The Gauss–Matuyama Reversal was a geologic event approximately 2.58 Ma when the Earth's magnetic field underwent a geomagnetic reversal from normal polarity (Gauss Chron) to reverse polarity (Matuyama Chron). The reversal is named after German physicist Johann Carl Friedrich Gauss and Japanese geophysicist Motonori Matuyama.
The Gauss–Matuyama reversal is a natural phenomenon that is frequently used as a boundary between the Pliocene and Pleistocene epochs,[1] marking the start of the Quaternary period, and is often used to date sediments. The reversal is thought to have contributed to a hostile environment on Earth due to the lack of protective features of magnetic fields to shield life from ionizing radiation generated by the early Pleistocene supernova.[2] [3]
The Gauss–Matuyama reversal is marked by a minor mass extinction of calcareous nannofossils Discoaster pentaradiatus and Discoaster surculus, among others.
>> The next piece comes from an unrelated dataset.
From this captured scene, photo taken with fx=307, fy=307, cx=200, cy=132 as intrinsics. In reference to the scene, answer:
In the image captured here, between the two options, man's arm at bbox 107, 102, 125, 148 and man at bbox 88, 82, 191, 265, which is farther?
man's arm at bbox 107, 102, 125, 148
The Earth's magnetic field is approximately four times stronger today than it was during the Gauss–Matuyama reversal.[4] The reversal is thought to have weakened the shielding that the magnetic field provides the surface Earth, resulting in more exposure to ionizing radiation generated by the early Pleistocene supernova, and leaving the Earth unshielded for ~15 ky.[5]
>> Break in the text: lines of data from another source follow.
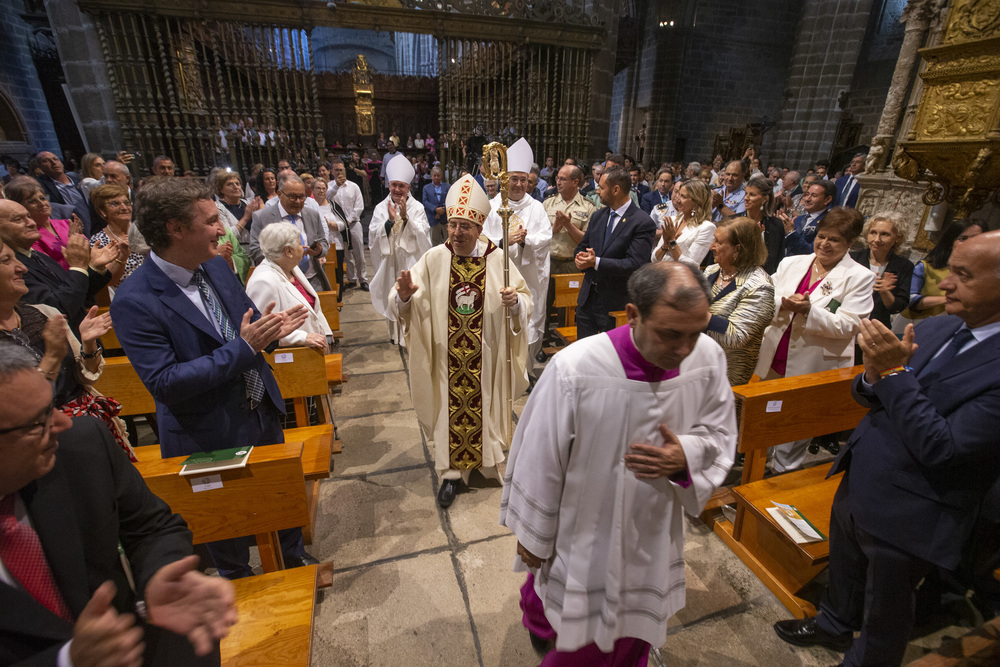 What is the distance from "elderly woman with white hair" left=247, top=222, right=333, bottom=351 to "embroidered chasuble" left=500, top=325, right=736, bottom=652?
181 centimetres

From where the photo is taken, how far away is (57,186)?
219 inches

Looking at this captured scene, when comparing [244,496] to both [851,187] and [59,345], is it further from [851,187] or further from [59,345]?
[851,187]

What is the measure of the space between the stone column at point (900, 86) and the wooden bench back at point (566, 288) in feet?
17.4

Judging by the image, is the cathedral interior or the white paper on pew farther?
the cathedral interior

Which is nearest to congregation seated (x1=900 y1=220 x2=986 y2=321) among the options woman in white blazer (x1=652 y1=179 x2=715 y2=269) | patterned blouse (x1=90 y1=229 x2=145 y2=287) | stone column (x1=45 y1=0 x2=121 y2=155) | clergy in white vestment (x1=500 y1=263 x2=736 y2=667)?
woman in white blazer (x1=652 y1=179 x2=715 y2=269)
The propagation of charged particles is dependent in the magnetic field intensity and changes in the dipole moment found in the magnetic field. The ionospheric ionization at the poles and equator reduces the energy on cosmic rays by several orders of magnitude. During the reversal, the dipole field was reduced or entirely canceled because the virtual poles were located at low and intermediate latitudes, which would expose these regions to cosmic rays.
Luminescence dating of lacustrine sediment are used to date the Gauss–Matuyama reversal.[6] [7] This method is a form of geochronology that measures the amount of photons released from a material after being stimulated. This method primarily observes the movement of U, Th, Rb and K as ionizing radiation. The product of stimulating these elements is a reliable date on the sediment.